CourtU.S. Court of Appeals — District of Columbia Circuit

William C. Sullivan, of Washington, D. C., for appellant.

Leslie C. Garnett, U. S. Atty., John W. Fihelly, Asst. U. S. Atty., E. Barrett Prettyman, Corp. Counsel, and Vernon E. West, Asst. Corp. Counsel, all of Washington, D. C., for appellees.

Before MARTIN, Chief Justice, and ROBB, VAN ORSDEL, GRONER, and STEPHENS, Associate Justices.

STEPHENS, Associate Justice.

This is an appeal from a decree of the Supreme Court of the District of Columbia dismissing a bill of complaint filed by the appellant, plaintiff below, against the appellees, defendants below — the District of Columbia, the Zoning Commission of the District of Columbia, the Commissioners of the District of Columbia and the Inspector of Buildings of the District of Columbia. The relief sought was: A mandatory injunction compelling a change of zoning of the appellant's property from a zoning district in which erection of apartment houses is forbidden, to one in which that is not forbidden; a mandatory injunction compelling the Building Inspector and his successors in office to issue permits for building operations for apartment houses upon the appellant's land as if it had never been zoned in a district forbidding them; and a perpetual injunction restraining enforcement against the appellant's land of zoning regulations forbidding apartment houses.

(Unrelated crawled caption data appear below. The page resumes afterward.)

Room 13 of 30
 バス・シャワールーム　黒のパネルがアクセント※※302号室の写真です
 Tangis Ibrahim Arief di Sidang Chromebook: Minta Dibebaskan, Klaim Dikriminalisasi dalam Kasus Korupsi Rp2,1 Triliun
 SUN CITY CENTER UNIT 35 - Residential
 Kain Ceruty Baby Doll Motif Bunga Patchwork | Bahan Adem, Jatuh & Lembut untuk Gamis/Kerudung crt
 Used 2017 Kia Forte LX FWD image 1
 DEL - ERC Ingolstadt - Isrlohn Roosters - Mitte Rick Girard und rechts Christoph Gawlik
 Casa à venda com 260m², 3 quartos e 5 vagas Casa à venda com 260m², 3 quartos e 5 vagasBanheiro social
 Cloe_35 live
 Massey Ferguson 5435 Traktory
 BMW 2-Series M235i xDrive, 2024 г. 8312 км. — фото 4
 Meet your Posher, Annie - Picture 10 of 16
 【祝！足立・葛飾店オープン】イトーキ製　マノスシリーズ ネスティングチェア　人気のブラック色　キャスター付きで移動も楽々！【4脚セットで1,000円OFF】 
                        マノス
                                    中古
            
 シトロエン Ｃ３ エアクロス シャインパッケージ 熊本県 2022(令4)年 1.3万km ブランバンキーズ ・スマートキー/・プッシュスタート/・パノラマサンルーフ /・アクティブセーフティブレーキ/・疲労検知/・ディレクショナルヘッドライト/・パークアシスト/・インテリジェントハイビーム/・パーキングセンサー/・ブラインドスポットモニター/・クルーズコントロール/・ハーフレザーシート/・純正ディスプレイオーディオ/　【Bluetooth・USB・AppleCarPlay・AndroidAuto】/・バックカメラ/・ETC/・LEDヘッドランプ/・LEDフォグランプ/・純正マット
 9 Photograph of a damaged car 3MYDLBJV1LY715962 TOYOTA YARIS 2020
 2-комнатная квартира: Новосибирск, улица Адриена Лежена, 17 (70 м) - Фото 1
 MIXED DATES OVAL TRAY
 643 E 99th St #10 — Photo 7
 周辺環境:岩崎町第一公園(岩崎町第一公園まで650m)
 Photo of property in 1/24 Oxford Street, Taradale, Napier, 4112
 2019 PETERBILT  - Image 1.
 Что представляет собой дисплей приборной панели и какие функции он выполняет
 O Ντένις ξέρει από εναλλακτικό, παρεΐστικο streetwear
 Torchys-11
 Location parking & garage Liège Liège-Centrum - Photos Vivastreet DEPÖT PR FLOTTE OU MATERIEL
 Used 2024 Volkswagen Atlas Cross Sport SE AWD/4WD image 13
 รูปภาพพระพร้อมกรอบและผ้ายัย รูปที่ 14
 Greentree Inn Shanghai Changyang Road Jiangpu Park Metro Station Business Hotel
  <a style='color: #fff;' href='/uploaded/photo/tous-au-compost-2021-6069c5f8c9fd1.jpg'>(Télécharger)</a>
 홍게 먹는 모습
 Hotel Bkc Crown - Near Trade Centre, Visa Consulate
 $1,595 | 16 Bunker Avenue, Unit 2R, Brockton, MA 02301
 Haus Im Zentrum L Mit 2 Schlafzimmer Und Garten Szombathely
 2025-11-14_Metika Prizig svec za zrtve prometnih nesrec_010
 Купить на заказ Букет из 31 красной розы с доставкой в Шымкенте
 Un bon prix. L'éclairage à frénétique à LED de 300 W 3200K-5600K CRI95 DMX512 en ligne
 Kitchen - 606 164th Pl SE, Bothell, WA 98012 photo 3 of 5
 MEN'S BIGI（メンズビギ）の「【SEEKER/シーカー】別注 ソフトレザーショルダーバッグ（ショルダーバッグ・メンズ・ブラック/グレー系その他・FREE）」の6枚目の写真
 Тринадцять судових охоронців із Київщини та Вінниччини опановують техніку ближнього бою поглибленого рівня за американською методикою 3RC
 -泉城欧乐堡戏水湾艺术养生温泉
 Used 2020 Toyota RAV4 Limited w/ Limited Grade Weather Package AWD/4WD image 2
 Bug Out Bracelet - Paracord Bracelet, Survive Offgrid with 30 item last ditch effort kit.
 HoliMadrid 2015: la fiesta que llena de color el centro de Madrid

By the Act of March 1, 1920, 41 Stat. 500 (D.C.Code 1929, T. 25, § 521 et seq.), Congress passed "An Act To regulate the height, area, and use of buildings in the District of Columbia and to create a Zoning Commission, and for other purposes." The provisions thereof pertinent to this case are:

"Sec. 2. That within six months after the passage of this Act and after public notice and hearing as hereinafter provided, the said commission shall divide the District of Columbia into certain districts, to be known, respectively, as height, area, and use districts, and shall adopt regulations specifying the height and area of buildings thereafter to be erected or altered therein and the purposes for which buildings and premises therein may be used: Provided, That such regulations may differ in the various districts: Provided further, That the permissible height of buildings in any district shall not exceed the maximum height of building now authorized upon any street in any part of that district by the Act of Congress approved June 1, 1910, and amendments thereto, regulating the height of buildings in the District of Columbia: And provided further, That no such districts shall be established, nor shall any regulations therefor be adopted, nor shall the height, area, or use of buildings to be erected therein be prescribed until said commission has afforded persons interested an opportunity to be heard at a public hearing as hereinafter provided: And provided further, That in residence districts the usual accessories of a residence located on the same lot including the office of a physician, dentist, or other person, and including a private garage containing space for not more than four automobiles, shall not be prohibited.

"Sec. 4. That after the public hearings herein provided for shall have been concluded, said commission shall definitely determine the number and boundaries of the districts which it is hereby authorized and directed to establish, and shall specify the height and area of the buildings which may thereafter be erected therein, and shall prescribe the purposes for which such buildings thereafter erected may or may not be used. Said districts so established shall not be changed except on order of said commission after public hearing. Said commission may initiate such changes, or they may be initiated upon the petition of the owners affected. Where the proposed change is to add a contiguous area to a use, height, or area district, the owners of at least 50 per centum of the street frontage proposed to be changed must join in the petition: Provided, That if the frontage proposed to be changed is not a contiguous area, the owners of at least 50 per centum of a frontage within the area not less than three blocks in length must join in such petition before it may be considered by said commission. No such change shall be made, either by said commission on its own motion or upon such petition, except with the unanimous vote of said commission, if the owners of at least 20 per centum of the frontage proposed to be changed protest against such change.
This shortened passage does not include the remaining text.